I don't know which Java SIG you're talking about, because in the past
two years, I've seen none of this.

> > > 2.  We are committed to maintaining the Ant and Maven modules in
> > > Fedora.  We have always expected to make them available as default
> > > streams and in the buildroot so they can be available and consumed by
> > > non-modular packages, but we completely respect the decisions of FESCo
> > > to disallow default streams and of other contributors to adopt and
> > > maintain the non-modular packages.  We are not going to promise to
> > > commit time and resources to maintain the non-modular packages.

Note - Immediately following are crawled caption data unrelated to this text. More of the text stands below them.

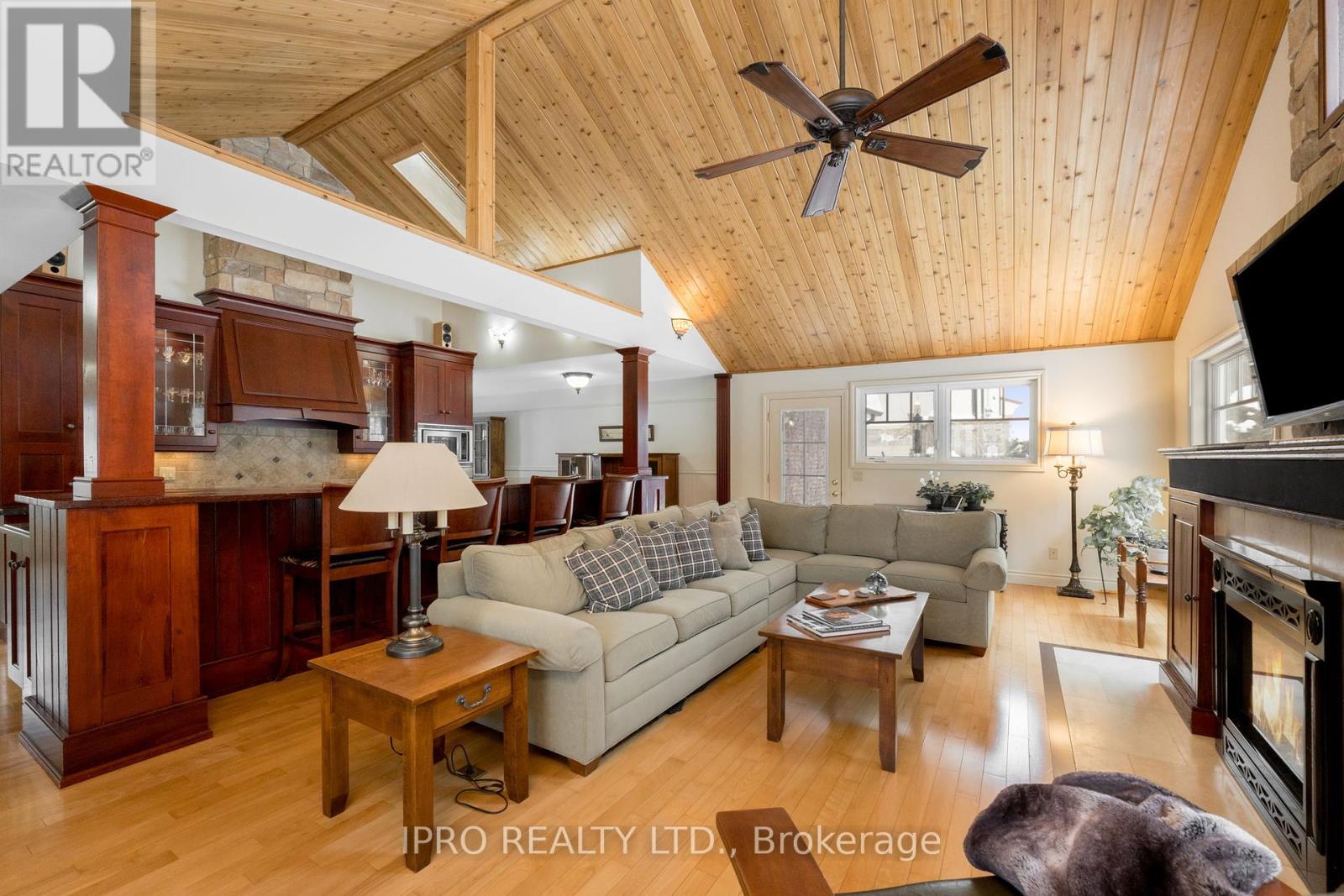 25 Orsi Road, Caledon, Ontario  L7C 1H6 - Photo 17 - W12165836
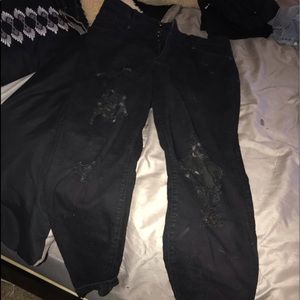 Black boyfriend distress jeans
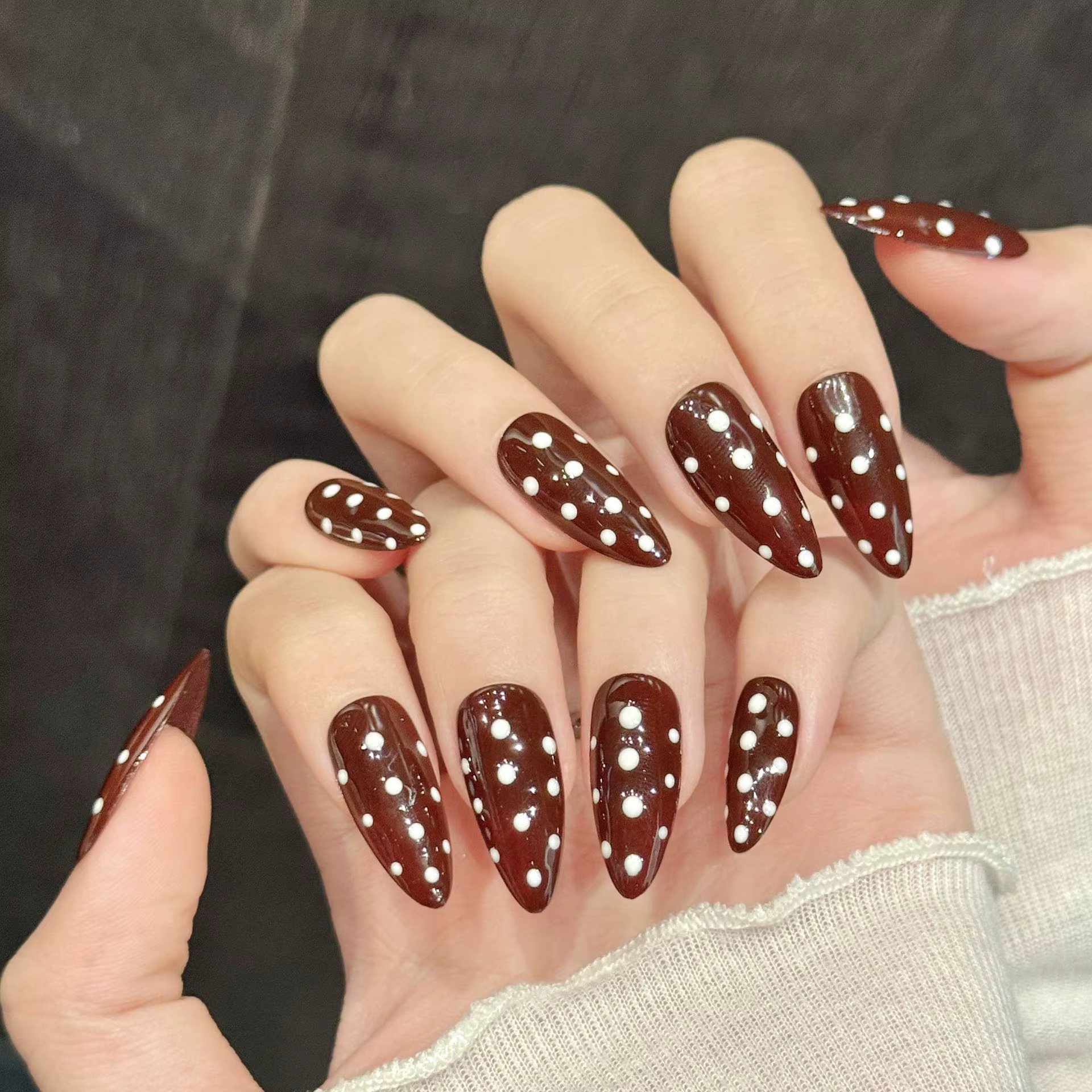 10 pièces automne hiver faux ongles faits à la main nu brun amande Simple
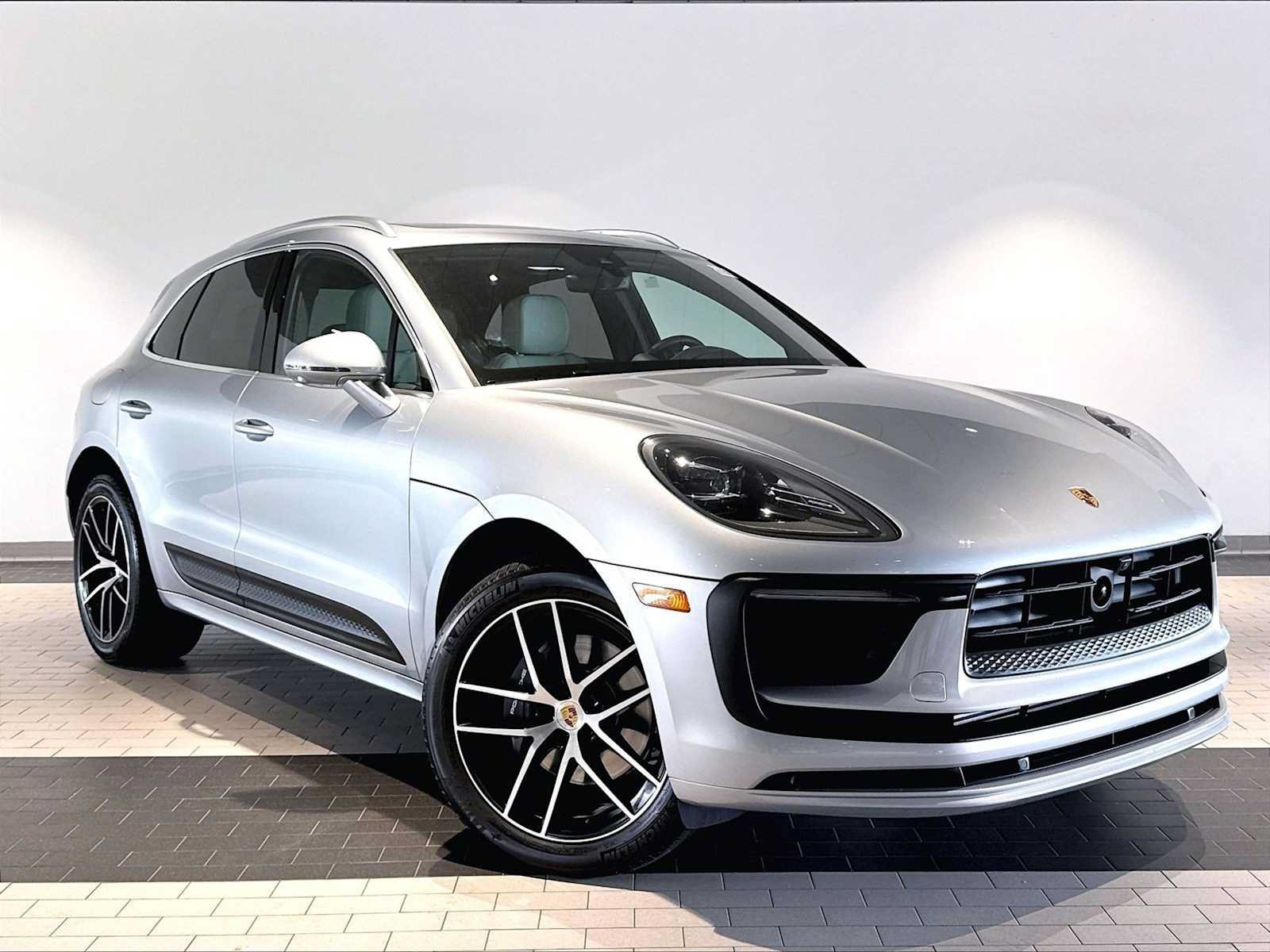Used 2026 Porsche Macan AWD/4WD image 13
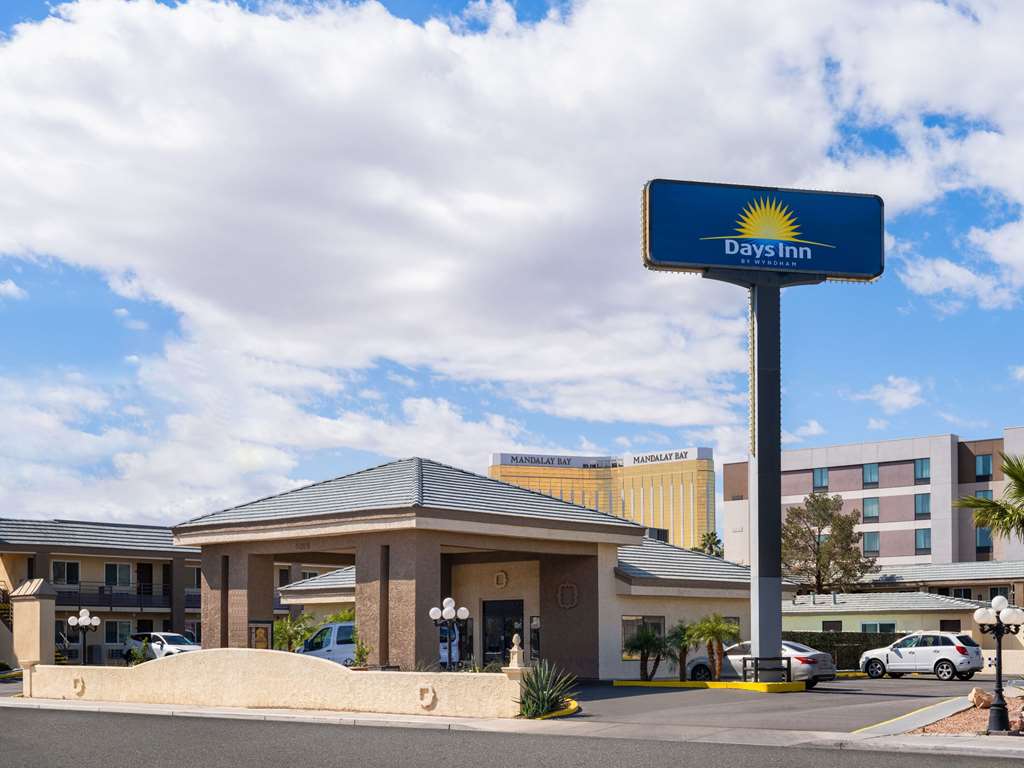 Days Inn by Wyndham Las Vegas Airport Near the Strip - photo 8
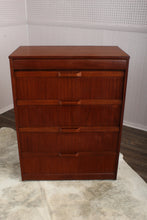 Load image into Gallery viewer, English MidCentury Highboy by Elliots of Newbury c.1969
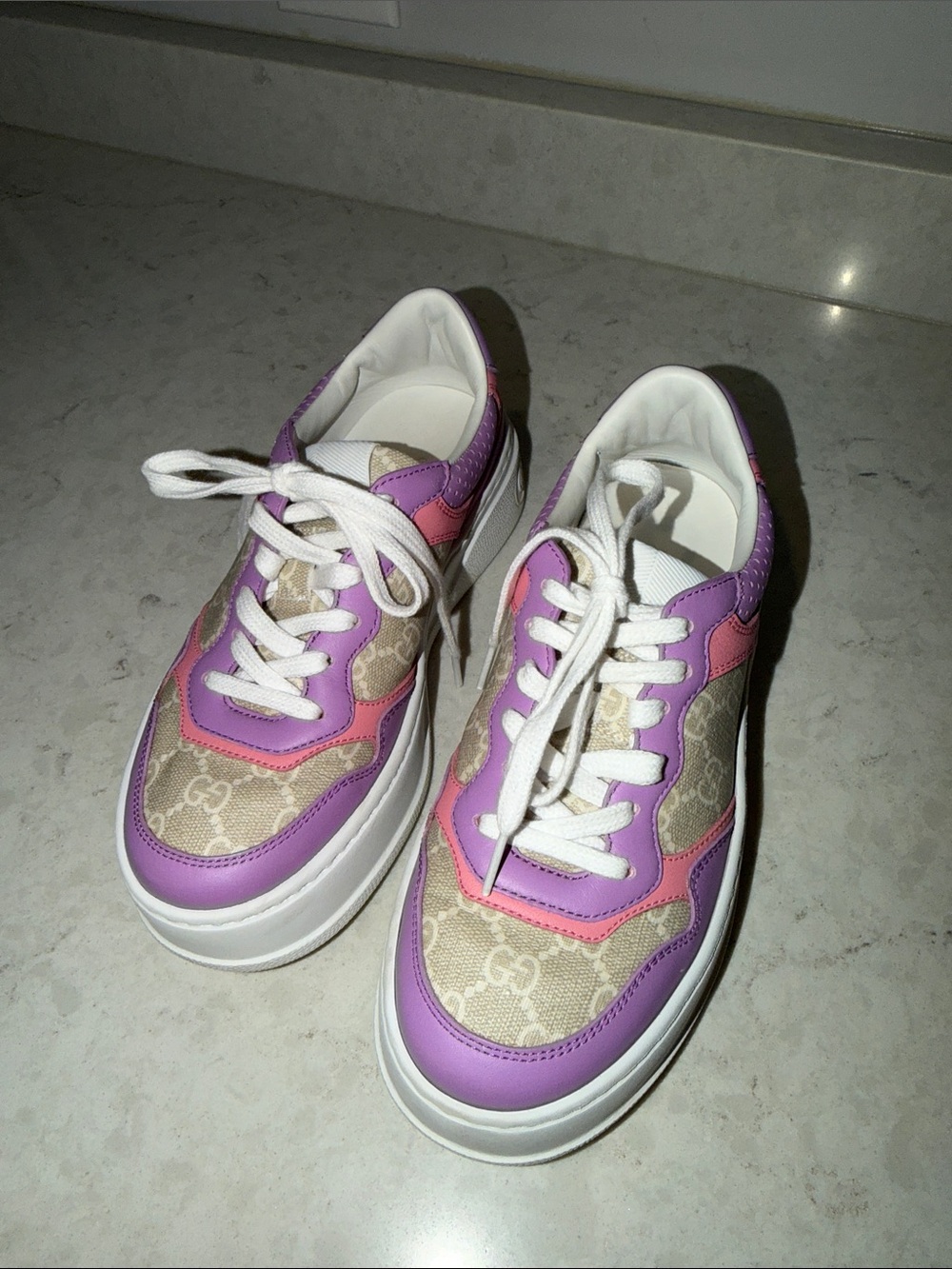 Gucci Lavender and Pink GG Canvas Low-Top Sneaker - Picture 2 of 6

So, you respect FESCo decisions but you choose to ignore the
consequences? m'kay.

> > Points 1b and 2 mean that nobody can consume your packages for
> > maintaining non-modular Java packages, which raises the bar for
> > maintaining Java packages considerably.
>
> Javapackages is the main project that provides Java packaging tooling.
> I am maintaining it both upstream [1] and in Fedora, also as ursine
> package [2].

It's also the *only* non-modular package you still maintain.
However, the only changes you made in the past two years were 1)
enabling xmvn-javadoc upon my request and 2) switching the default
Java to OpenJDK 11 opon Jiri Vanek's request ...

> > [...]
> > > 4.  The benefit we want to preserve from modules is to maintain
> > > packages with varying expectation of quality, specifically separating
> > > the build-time-only vs runtime dependencies.  e.g. in that case that a
> > > web server like Eclipse Jetty is required as a dep for testing another
> > > component during the build, we want to be able to use and build that
> > > component, without being indefinitely on the hook for security
> > > errata.  (The build dependency tree is particularly complex for Maven
> > > and involves many examples of packages with frequent and high severity
> > > vulnerabilies)

This is one of the *worst* aspects of Modularity - being able to
"hide" implementation details from re-use by others.
I would not see this as a benefit, but as a big issue when it comes to
the bigger distribution and collaboration context.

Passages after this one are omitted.